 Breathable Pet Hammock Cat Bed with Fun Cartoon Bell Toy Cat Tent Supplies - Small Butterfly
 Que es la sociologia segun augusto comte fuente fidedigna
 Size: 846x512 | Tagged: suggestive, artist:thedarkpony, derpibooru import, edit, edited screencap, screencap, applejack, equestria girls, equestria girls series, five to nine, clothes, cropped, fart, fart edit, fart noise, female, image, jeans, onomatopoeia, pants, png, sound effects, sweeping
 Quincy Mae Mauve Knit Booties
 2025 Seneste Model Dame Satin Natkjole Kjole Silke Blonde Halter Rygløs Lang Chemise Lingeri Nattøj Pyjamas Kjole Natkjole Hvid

...

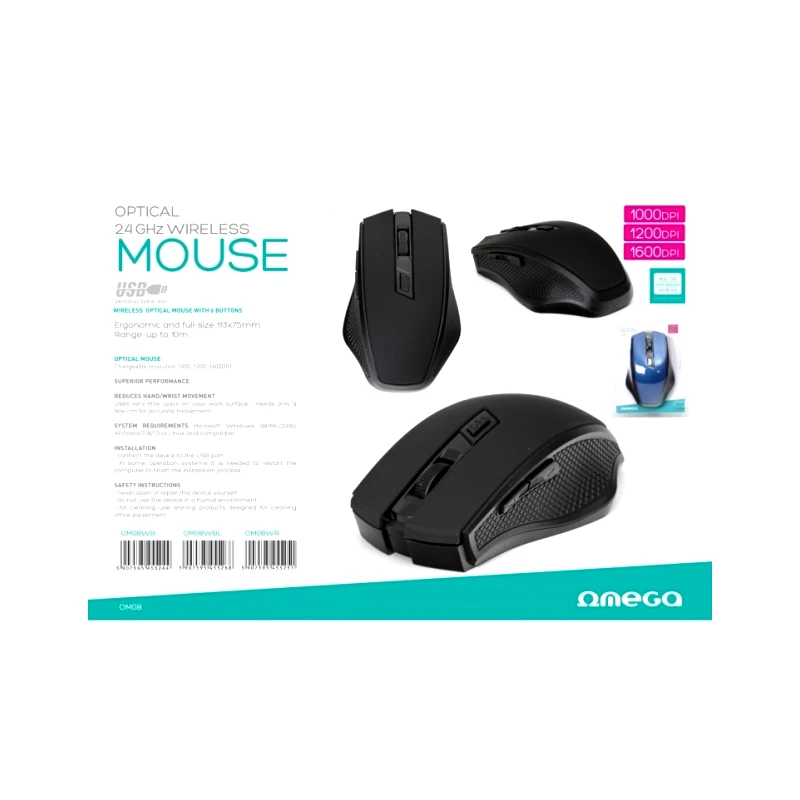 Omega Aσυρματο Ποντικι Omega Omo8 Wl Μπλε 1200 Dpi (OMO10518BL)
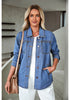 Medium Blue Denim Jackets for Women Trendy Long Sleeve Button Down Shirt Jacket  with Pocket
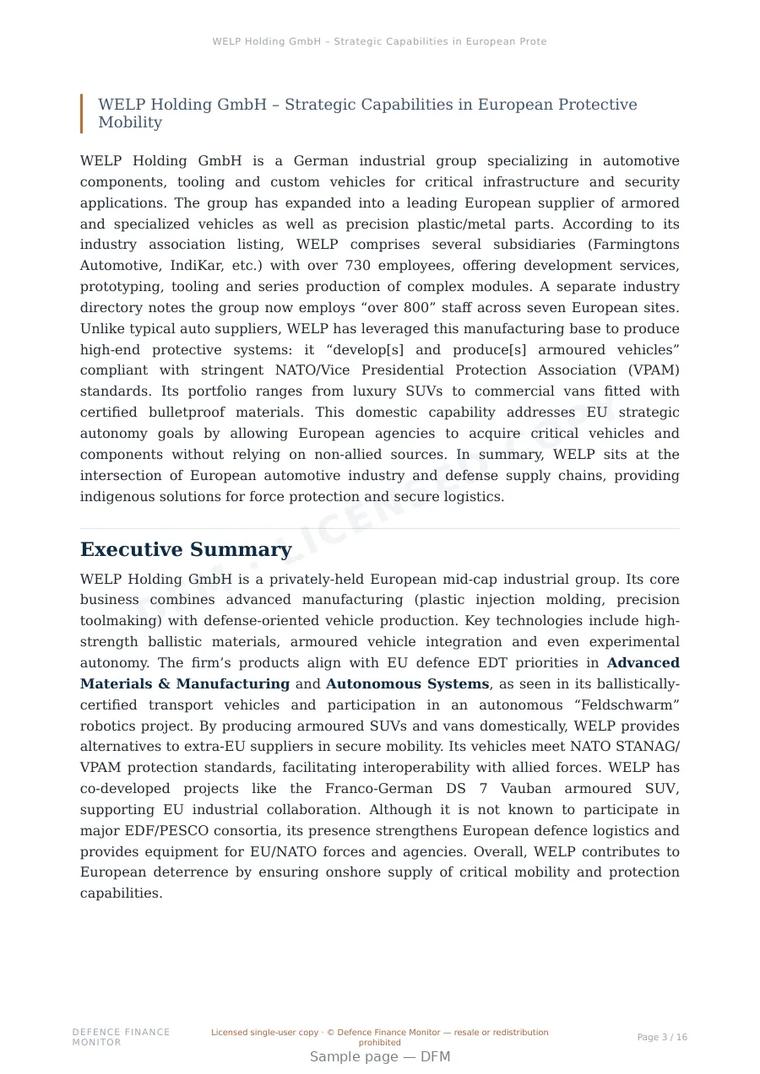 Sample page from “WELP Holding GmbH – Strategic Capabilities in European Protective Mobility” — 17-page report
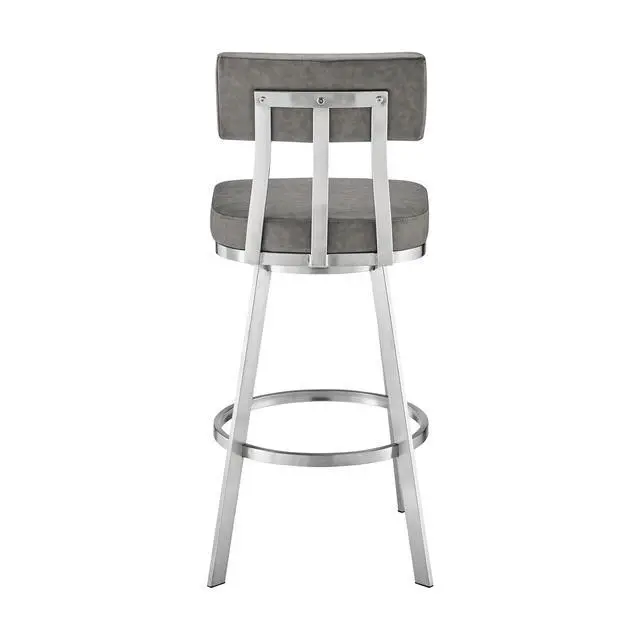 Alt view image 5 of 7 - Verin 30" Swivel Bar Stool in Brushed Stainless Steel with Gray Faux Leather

• TASK TO COMPLETE: Beginning at the line that has "Omega Aσυρματο Ποντικι" and ending at the line that has "Alt view image", restate the listing above word for word, pictures left out.

• TASK SOLUTION:
 Omega Aσυρματο Ποντικι Omega Omo8 Wl Μπλε 1200 Dpi (OMO10518BL)
 Medium Blue Denim Jackets for Women Trendy Long Sleeve Button Down Shirt Jacket  with Pocket
 Sample page from “WELP Holding GmbH – Strategic Capabilities in European Protective Mobility” — 17-page report
 Alt view image 5 of 7 - Verin 30" Swivel Bar Stool in Brushed Stainless Steel with Gray Faux Leather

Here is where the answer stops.